Start of Source data

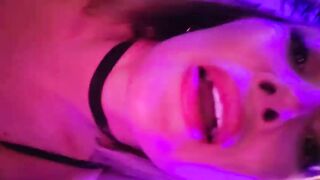 NatalieSalvatore webcam video 270524 3 webcam girl who is true romantic in heart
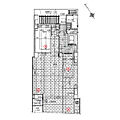 セントフィオーレ新栄3階7.1万円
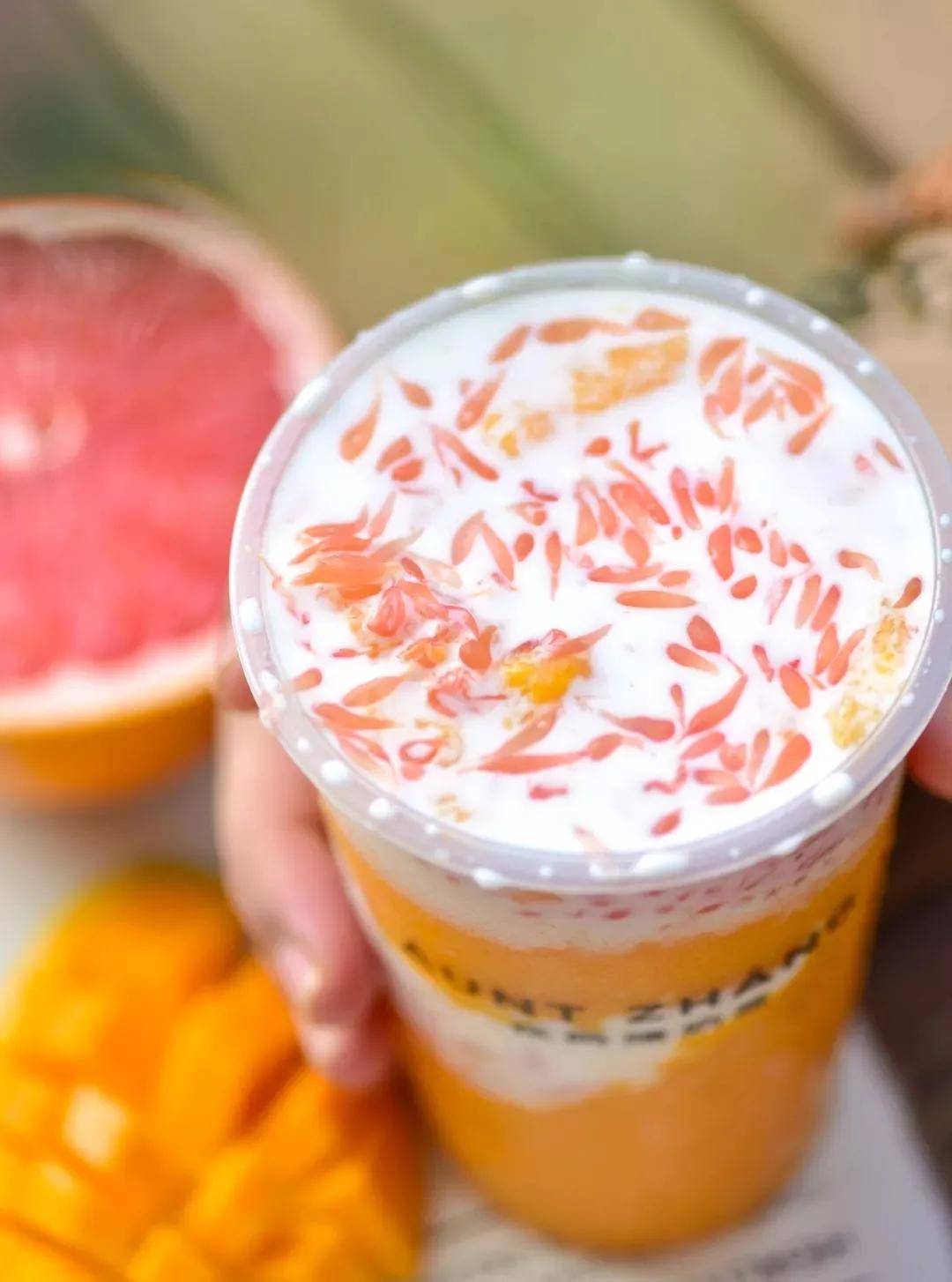 胶原蛋白肽饮品是智商税吗,胶原蛋白肽是不是智商税固体饮料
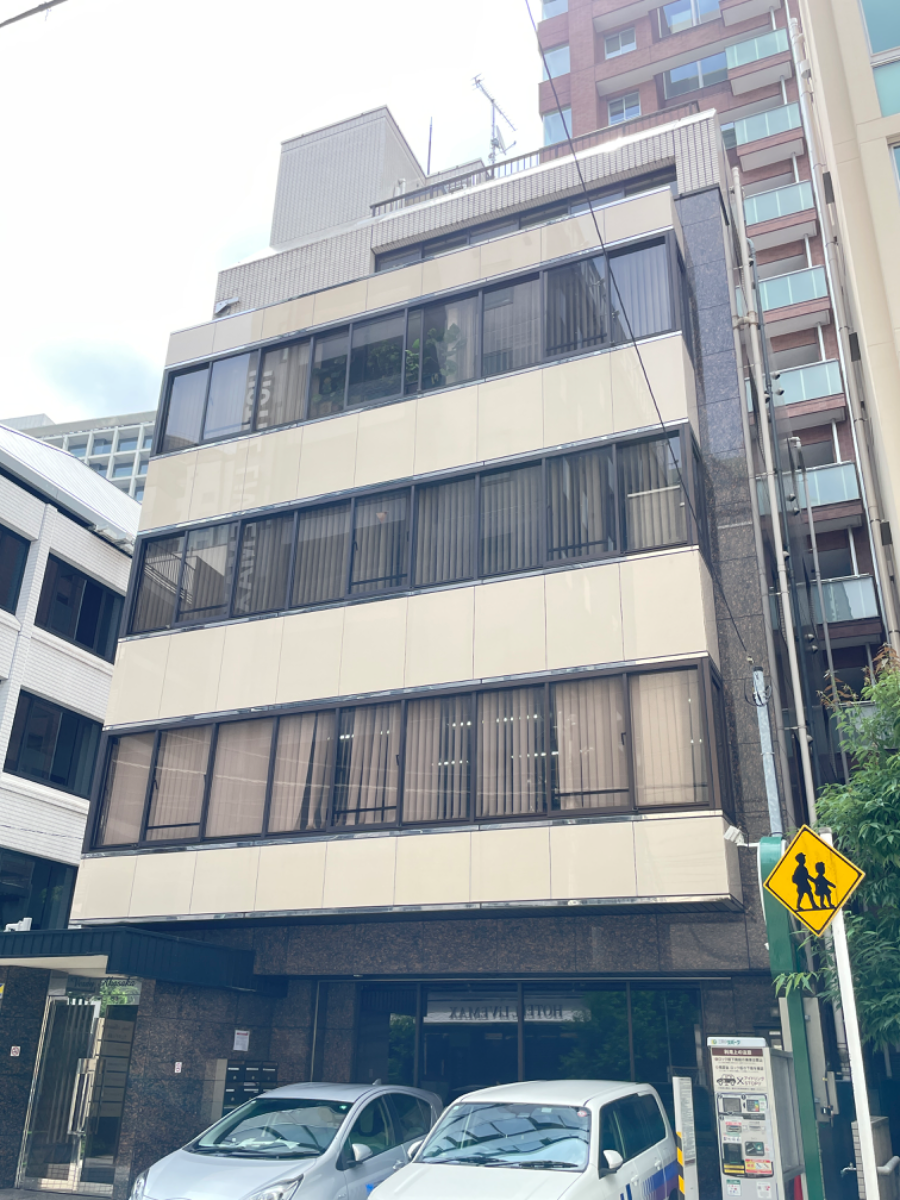 fresh/building/J00100383961_10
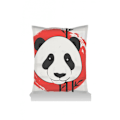 Pikkukuva 2 / 4: Puutarhapapulaukku Giant Panda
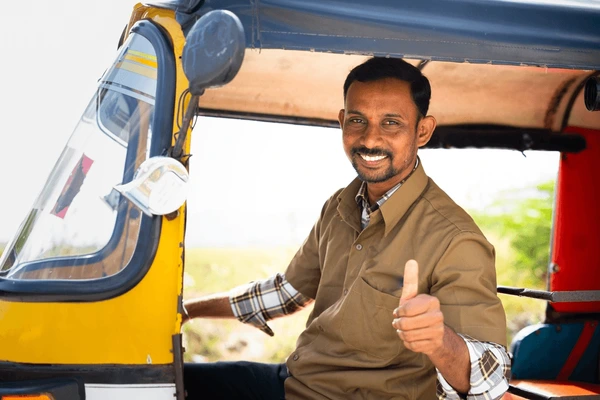 Ramesh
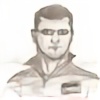 maverick10191's avatar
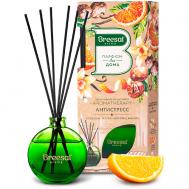 Декоративный ароматизатор Aromatherapy Антистресс 10 Breesal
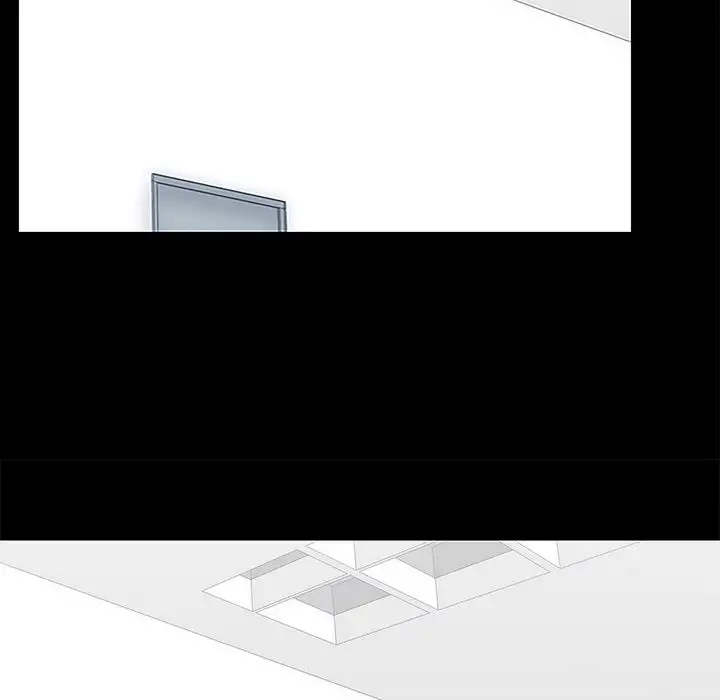 The White Room - Chapter 41 [photo 132] - MangaPorn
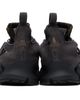 AVAVAV AVAVAV Black adidas Originals Edition Megaride Sneakers - 2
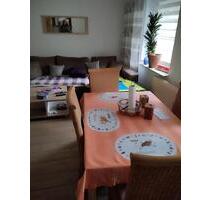 Zwei eventuell drei Zimmer Wohnung in einem Einfamilienhaus - Viersen Boisheim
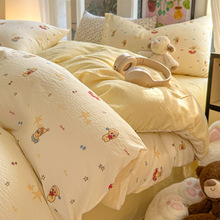 A�ĸ�뼉ܛܛ��~�p�Ӽ��ļ���С���¼�ˮϴ�ޱ��״�������������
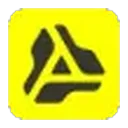 AnsweringAgent logo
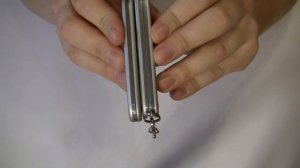 Victorinox Pioneer (0.8000.26) [Однопредметные швейцарцы #1]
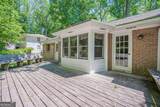 3928 Cloudland Drive - Photo 46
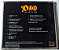 Dio - The Last In Line (Usado) - Imagem 3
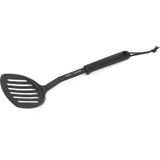 Cadac Skottel Spatula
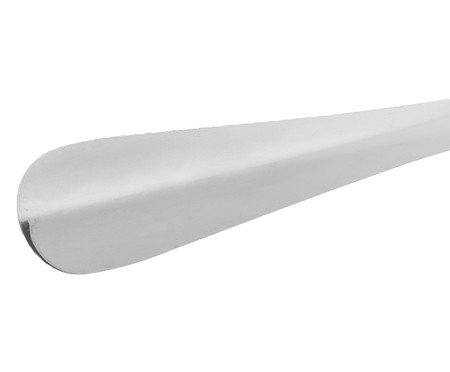 Garfo para Assado em Inox Positano Inox | Westwing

End of Source data

- **Exercise description**:
Reproduce, word for word, every line from the one that contains "Dio - The Last In Line (Usado) - Imagem 3" to the end of the data, including both ends; omit all pictures.

- **Task solution**:
 Dio - The Last In Line (Usado) - Imagem 3
 Cadac Skottel Spatula
 Garfo para Assado em Inox Positano Inox | Westwing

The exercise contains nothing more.